2. "The data were collected only a year from the start of the rise of marijuana dispensaries in Colorado"

In April of 2010, Dr. Thurstone seemed convinced that the dispensaries were having an impact on youth marijuana use. He (and Chris Romer) wrote the following in a Denver Post opinion piece:

As the number of Colorado's dispensaries has exploded, so has the number of youth referred to Denver's adolescent substance abuse clinics, where the waiting lists for service have surged to as long as three months. The clinics' young patients report that they get their pot from adolescent peers with medical licenses or from caregivers who sell on the side.

Incidentally, my co-authors and I found no relationship between the legalization of medical marijuana and the percentage of teenagers admitted to federally funded treatment centers who reported using marijuana (see pages 16-18 of “Medical Marijuana Laws and Teen Marijuana Use”).

3. "The data do not include teens who were not in school"

This statement is correct -- the YRBS is a survey of high school students. If a student had been expelled due to marijuana use, then he or she could not have been interviewed. Although the statement is correct, it seems potentially misleading. Is Dr. Thurstone suggesting that, had the expelled students been interviewed, the data would have shown an increase in marijuana use from 2009 to 2011? In order to explore this hypothesis, we’d need data on the number of high school students who were expelled by year in Colorado. I don’t know if these data are available, but I’d be shocked if there was an increase in expulsions from 2009 to 2011 sufficiently large to generate a 2.8 percentage-point decrease in marijuana use.

4. "The CDC’s 2011 numbers could be a flatline because 85 Colorado communities voted to ban dispensaries the previous year, 2010."

I agree that the decrease in the percentage of Colorado high school students who used marijuana in the past 30 days could be due to any number of factors. It’s possible that the bans reduced access to medical marijuana, but according to state registry data the number of medical marijuana patients peaked in the summer of 2011. Without data on students and patients with geographic identifiers and dispensary openings and closings it’s difficult to test this assertion.

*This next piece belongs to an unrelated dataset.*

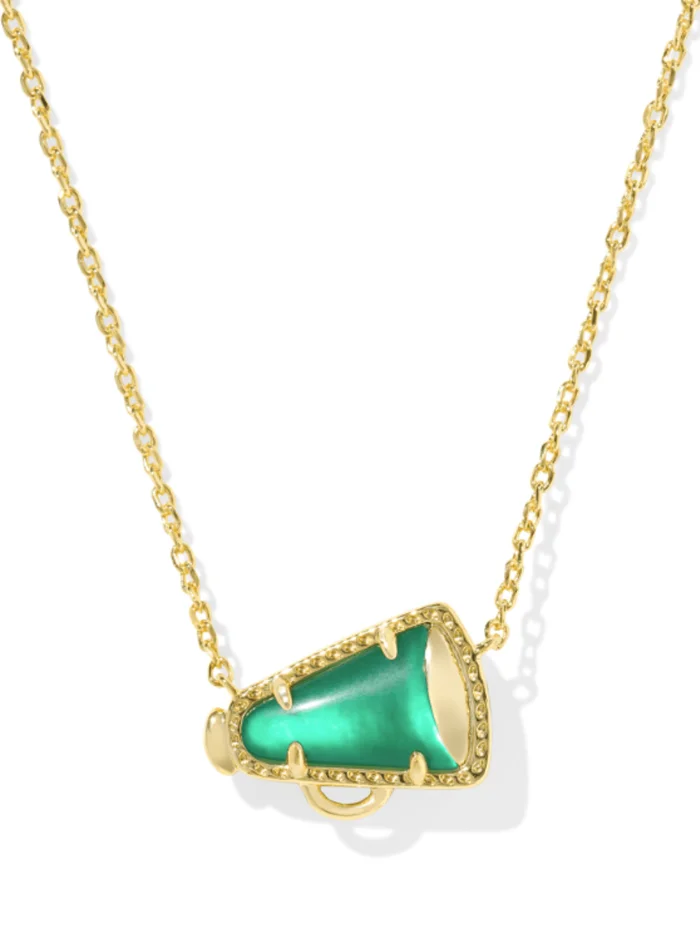 Kendra Scott Cheer Gold Short Pendant Necklace in Emerald Illusion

However, with regard to at least one county that has banned marijuana businesses -- Adams County -- MMIG's Mike Elliott told The Huffington Post: "Strikingly, the Adams County Youth Initiative reported that teen marijuana usage has been increasing in that County. In fact, they showed the County’s teen usage rate is about 6 percent higher than the rest of the state, and 5 percent above the national level. Not coincidentally, Adams County, including nearly all of its localities, have banned medical marijuana businesses and eschewed the very regulatory framework that has proven effective in reducing these usage rates throughout the rest of the state."